About a dozen College Park residents met with city and Prince George's County officials last week to protest the establishment of what they described as an off-campus fraternity house by a group of University of Maryland students without county or city approval. It was the latest in a series of neighborhood protests in College Park over fraternity houses and the activities of fraternity members.
The residents asked county zoning officials to enforce a 1983 zoning law requiring groups to obtain special zoning exceptions before using residential facilities as fraternity or sorority houses. The house in question, at 7408 Rhode Island Ave., is rented by 24 members of Tau Kappa Epsilon fraternity and two nonmembers.
The fraternal chapter was established on campus in 1981, and members began moving into the house about a year ago. Three other fraternities houses are on the same block, as are a number of sororities.
Joseph Bowen, chairman of the local TKE board of trustees, said that because TKE does not own the house, his board does not currently recognize it as an official fraternity facility.
County zoning inspections supervisor George Biernesser said the county also does not consider the house a fraternity, having classified it as an apartment building because it contains rental units.
Biernesser said the 1983 law requiring zoning exceptions applies only to fraternity houses in residential areas, while the property in question is commercially zoned.
But if the building is designated an official fraternity house, it would be in violation of another part of the law banning fraternities and sororities in commercial zones, he said.
Residents and city officals contend that the house, which bears a TKE sign, is a legitimate fraternity.
"If an organization acts like a fraternity and says it's a fraternity, then it's a fraternity," said Mayor Alvin Kushner. "I think the zoning people have chosen to shut their eyes about this."
James Nagel, whose house is adjacent to the fraternity facility, presented an anti-TKE petition to city officials.

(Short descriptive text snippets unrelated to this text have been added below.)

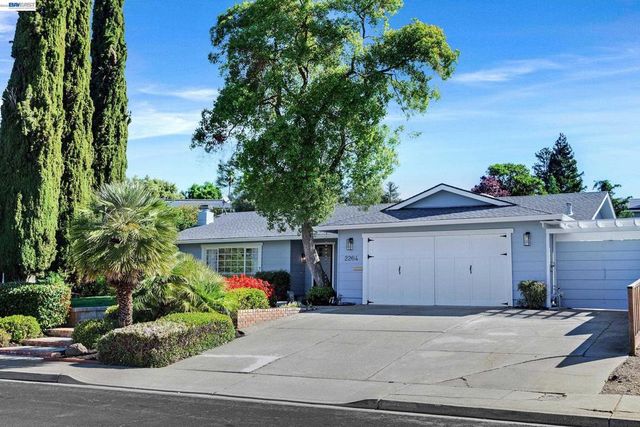2264 Stonebridge Rd, Livermore, CA 94550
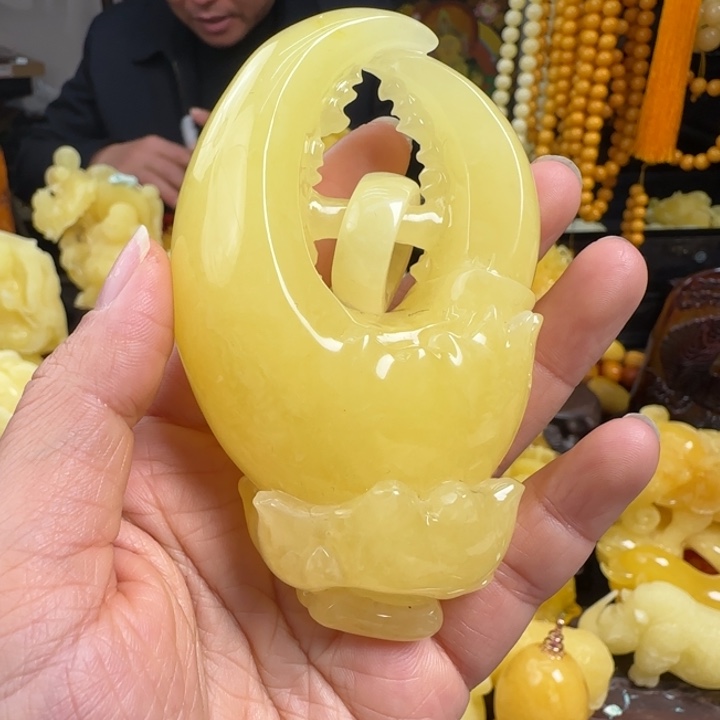 蜜蜡珠宝奇石未镶嵌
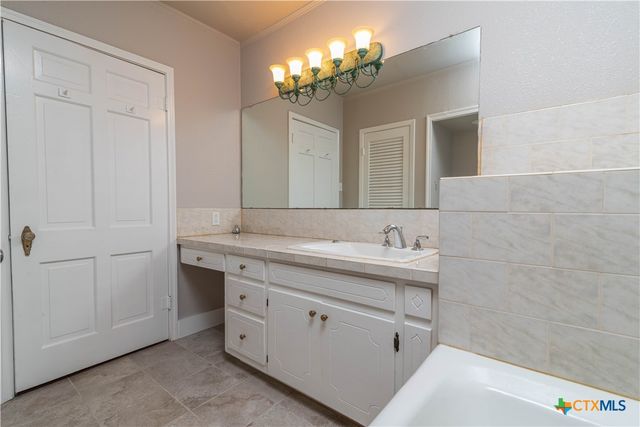 609 S Pecan Avenue, Luling, TX 78648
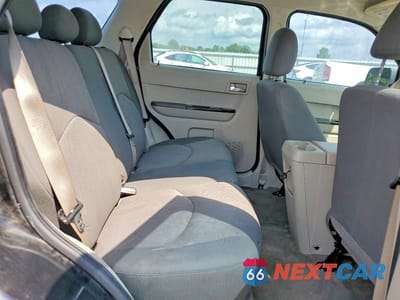 Zdjęcie 11 z 13 samochodu: 2008 MAZDA TRIBUTE I VIN:4F2CZ02ZX8KM31069 - miniatura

He complained that fraternity members have kicked in his fence, thrown bottles in his swimming pool, thrown trash in his yard and held loud parties.
Bowen denied the charges and said the fraternity is no louder than any other in the neighborhood.
College Park residents are "fed up with fraternities," Nagel told officials. "I think they'd be happy to see them all closed or moved up near university president John Toll's house," Nagel said.